Getting Started¶
This guide covers installation and basic usage of PyVq.
Installation¶
Requirements
Python 3.10 or later
Binary Quantization¶
Binary quantization maps values to 0 or 1 based on a threshold. It provides at least 75% storage reduction.
import numpy as np
import pyvq
# Create a binary quantizer
# Values >= threshold map to high, values < threshold map to low
bq = pyvq.BinaryQuantizer(threshold=0.0, low=0, high=1)
# Quantize a vector
vector = np.array([-1.0, -0.5, 0.0, 0.5, 1.0], dtype=np.float32)
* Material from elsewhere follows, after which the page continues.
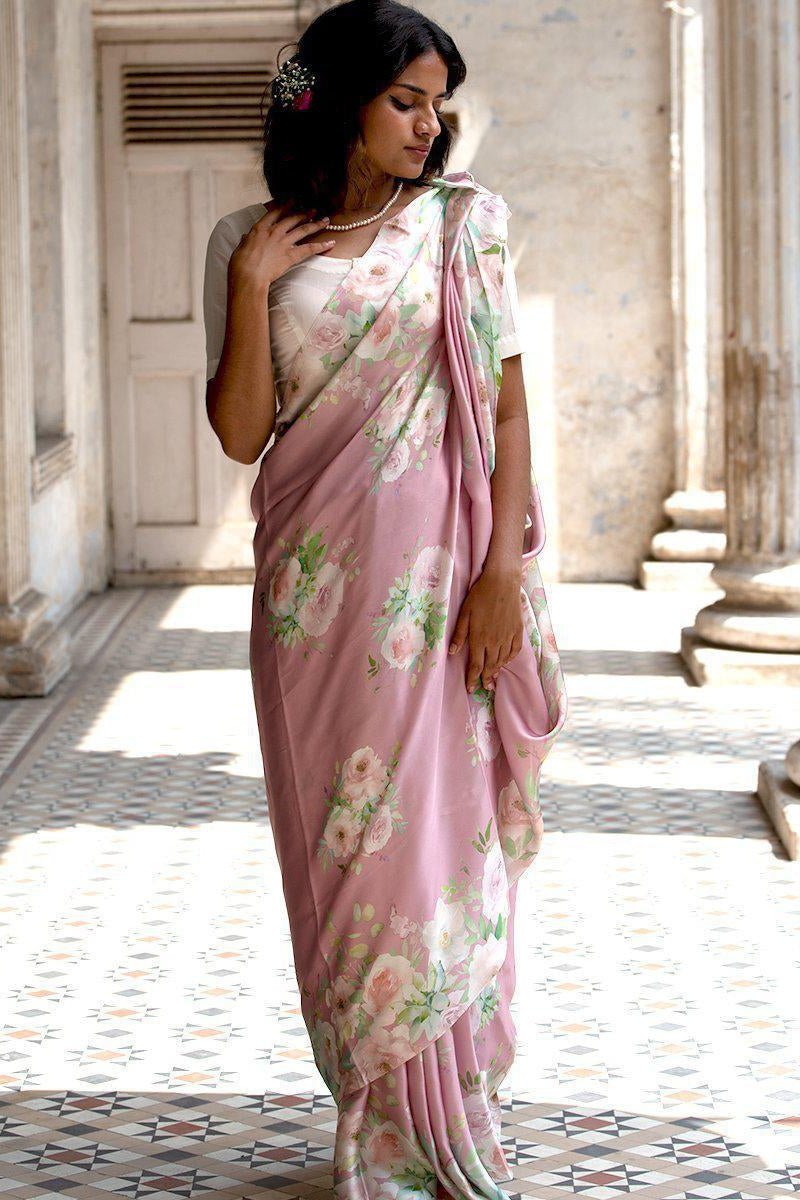 Buy-Mauve Joys - Satin Saree-Cyahi-Online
codes = bq.quantize(vector)
print(f"Input: {vector}")
print(f"Output: {codes}")
# Output: [0, 0, 1, 1, 1]
Scalar Quantization¶
Scalar quantization maps a continuous range to discrete levels.
import numpy as np
import pyvq
# Create a scalar quantizer
# Maps values from [-1, 1] to 256 discrete levels
sq = pyvq.ScalarQuantizer(min=-1.0, max=1.0, levels=256)
# Quantize and dequantize
vector = np.array([0.1, -0.3, 0.7, -0.9], dtype=np.float32)
quantized = sq.quantize(vector)
reconstructed = sq.dequantize(quantized)
print(f"Original: {vector}")
print(f"Reconstructed: {reconstructed}")
Product Quantization¶
Product quantization requires training on a dataset. It splits vectors into subspaces and learns codebooks.
import numpy as np
import pyvq
# Generate training data: 100 vectors of dimension 16
training = np.random.randn(100, 16).astype(np.float32)
# Train a product quantizer
pq = pyvq.ProductQuantizer(
training_data=training,
num_subspaces=4, # 4 subspaces (16/4 = 4 dims each)
num_centroids=8, # 8 centroids per subspace
max_iters=10,
distance=pyvq.Distance.euclidean(),
seed=42
)
# Quantize a vector
vector = training[0]
quantized = pq.quantize(vector)
reconstructed = pq.dequantize(quantized)
print(f"Original dimension: {len(vector)}")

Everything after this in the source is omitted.